Menu
Libération

Wikipédia veut se racheter une conduite

par Frédérique Roussel
publié le 19 octobre 2007 à 0h54

Wikipédia ouvre aujourd'hui son premier colloque francophone à la Cité des sciences et de l'industrie de Paris (1). «Wikipédia n'est plus un projet un peu loufoque et utopique», explique le préambule à cette rencontre. Dans le vaste paysage d'Internet, l'encyclopédie collaborative libre pèse lourd. Initiée aux Etats-Unis en 2001 par Jimmy Wales, elle se décline désormais en plus de deux cents langues (et même, pour la petite histoire, en klingon, langue extraterrestre de la série Star Trek). Sa version anglophone dépasse les 2 millions d'articles, la française comptabilise plus de 570 000 entrées. Depuis près d'un an, Wikipédia se situe au rang des dix sites les plus consultés au monde, d'autant que son référencement dans les moteurs paraît soigné aux petits oignons.

Si Wikipédia, fruit d'une formidable fourmilière de bénévoles qui apportent leur petite pierre de tous les coins de la planète, n'est plus vraiment une utopie, elle demeure la cible de nombreux détracteurs. Le principal reproche porte sur son manque de fiabilité. Les erreurs ou les actes de vandalisme jalonnent sa croissance exponentielle. Parmi les cas célèbres, celui de John Seigenthaler décrit pendant cent trente deux jours comme suspect dans l'assassinat de John Kennedy.
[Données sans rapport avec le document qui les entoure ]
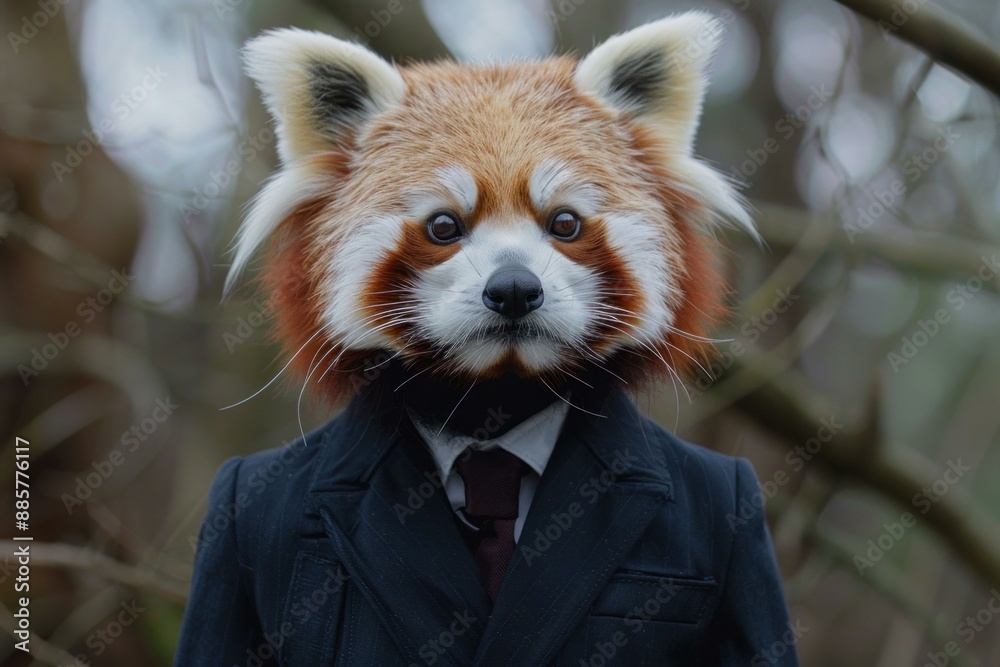 Obraz premium Whimsical portrayal of a red panda's head on a person in a business suit outdoors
Dernier «dérapage» en date, une nécrologie de l'Anglais Wayne Barnes qui a arbitré le match de la France contre les All Blacks : des supporteurs l'ont enterré de rage en affirmant qu'il avait été «lynché» par la foule après le match. Les biographies des vivants de ce monde demeurent des pages sensibles.
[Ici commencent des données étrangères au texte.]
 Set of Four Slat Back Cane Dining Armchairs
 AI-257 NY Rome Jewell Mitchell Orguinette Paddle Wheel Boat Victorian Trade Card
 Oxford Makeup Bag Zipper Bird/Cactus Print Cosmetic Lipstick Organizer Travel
«Quand j'ai commencé à contribuer, il y a trois ans, la question des sources était anecdotique, explique l'historienne de l'environnement Valérie Chansigaud de Wikimédia France (qui gère Wikipédia). Aujourd'hui, il ne se passe pas une discussion sans que les sources ne soient évoquées.» La validité est devenue le noeud de tous les débats qui tournent autour de Wikipédia. «Comment attirer les spécialistes garants de la qualité de nombreux articles ? Comment sensibiliser les utilisateurs, notamment les plus jeunes, à contrôler la fiabilité de ses informations ? Comment solliciter et s'appuyer sur un réseau d'experts ?» Autant de questions débattues au colloque.

Confrontée à des attaques virulentes, la fondation Wikimédia planche sur plusieurs pistes. Un nouveau projet, baptisé paradoxalement «1.0», prévoit de trier le bon grain de l'ivraie. Wikipédia 1.0, qui sera appliqué en France dans les mois prochains, vise à identifier les articles les plus fiables, repérables notamment par une bannière, et certifiés par des avis d'experts. Un site de réflexion sur la qualité (Quality.wikimedia.org) a aussi été ouvert. Une étude, comme celle réalisée par la revue Nature qui avait comparé une sélection d'articles de la Britannica et de Wikipédia, pourrait être lancée.

«Comment vous faites pour vous fier à quelqu'un ?, interroge Jean-Daniel Fekete, chercheur en informatique à l'Institut national de recherche en informatique et en automatique (Inria) et qui participe à une enquête nationale sur les réseaux sociaux en ligne. Au-delà des systèmes de validation automatiques ou manuels qu'on peut constamment améliorer, il fautéduquer les internautes à savoir croiser les informations.»

Est-ce la défiance qui a réduit l'activité de la communauté Wikipédia anglophone depuis six mois, comme observé par un de ses membres, Dragons_flight ? Cette baisse de régime vient de ce qu'«on s'oriente de plus en plus vers la qualité», dixit Valérie Chansigaud. Wikipédia arriverait à un âge de la vie où il vaut mieux réfléchir que courir.